Kalimat itu memang kejam, tapi Qaishar ingin menyadarkan Qafiya bahwa di dunia yang kejam ini, hanya Qaishar yang dia punya.

"Jahat banget sih mulutmu," ucap Qafiya.

"Aku bicara fakta."

Sebenarnya, Qaishar tidak ingin Qafiya berada di sisinya, dia yang sekarang belum bisa melindungi siapapun.

Suasana menjadi hening, gadis itu tampak berpikir.

"Aku kasih waktu satu bulan, setelah itu kamu harus memutuskan, mau kuliah atau jadi ibu rumah tangga."

Qaishar yakin Qafiya akan memilih kuliah, mereka tidak saling cinta, jadi mana mungkin memulai rumah tangga.

Keesokan harinya mereka pergi ke Jakarta, Qafiya minta diantar ke rumah ibunya. Katanya kangen ibu.

"Kamu gak usah ikut masuk, katanya kamu mau ketemu orang tua angkatmu? Cepat pergi sana."

Qafiya mendorong Qaishar ke mobil, paman yang mengantar mereka tidak turun, hanya menurunkan jendela sembari mengawasi sekitar.

"Baiklah," ucap Qaishar.

Mereka tidak saling mengenalkan ke orang tua, cuek dengan urusan masing-masing. Qaishar langsung masuk mobil lagi.

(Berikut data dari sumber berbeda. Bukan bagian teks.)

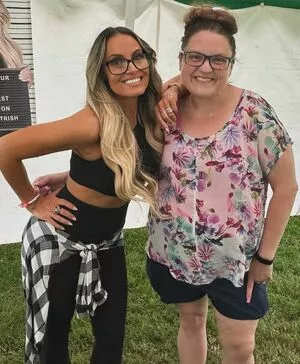 Trish Stratus / trishstratuscom nude photo #2001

Pergi meninggalkan rumah ayah barunya Qafiya.

Gadis itu membunyikan bel, seseorang membukakan pintu, pria berbadan besar dan kumis tebal. Keningnya berkerut melihat Qafiya.

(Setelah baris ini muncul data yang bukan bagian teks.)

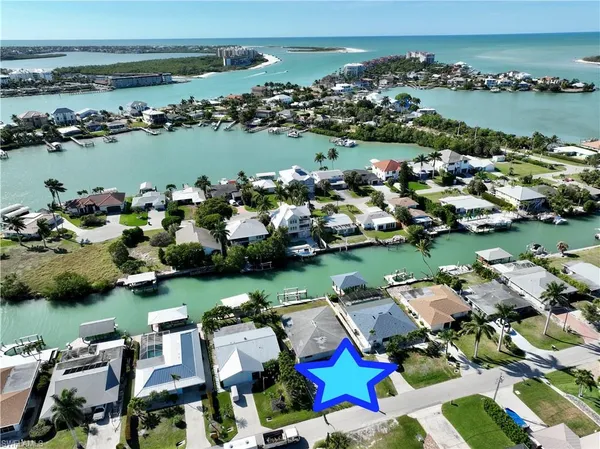 an aerial view of a houses with outdoor space and lake view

"Mau apa ke sini?" tanya pria itu.

"Aku mau ketemu Mamaku," jawab Qafiya.

"Kamu mau ngrengek tinggal di sini lagi? Saya tidak akan mengizinkan."

Tangan Qafiya mengepal. Tatapannya tajam. Tapi pria dihadapannya tidak gentar. Malah memasang badan.

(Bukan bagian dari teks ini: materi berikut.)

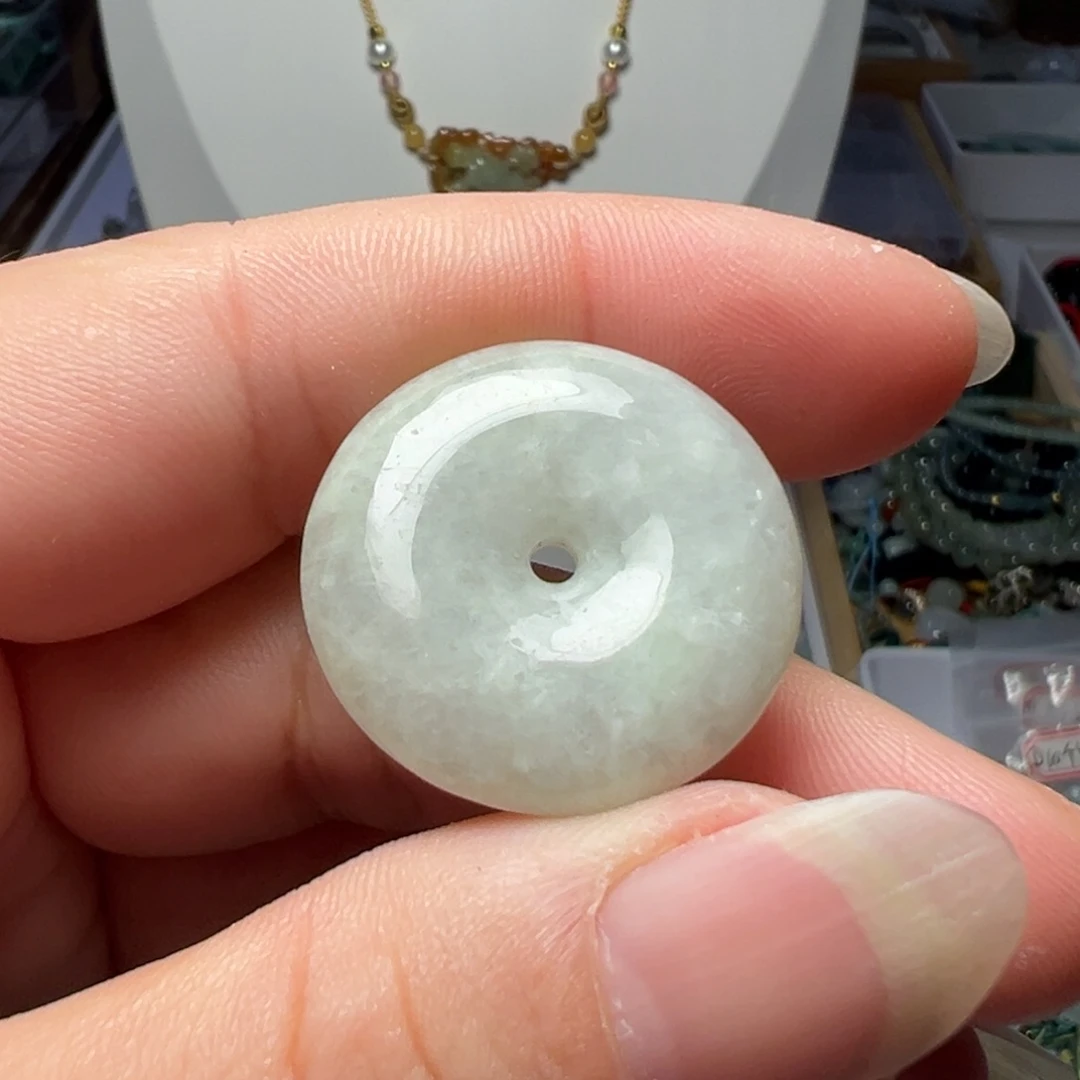 翡翠未镶嵌颈饰平安扣一个9.99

"Aku gak kayak dulu, aku gak butuh dibiayai sama Om. Aku ke sini cuma kangen sama Mama."

"Alasanmu basi, pasti kamu akan menceritakan kehidupan sulitmu ke Mamamu supaya dia iba dan membujukku menampungmu. Ingat, ayah tiri tidak ada kewajiban menafkahi anak tirinya. Bukankah di pesantren kamu diajari itu?"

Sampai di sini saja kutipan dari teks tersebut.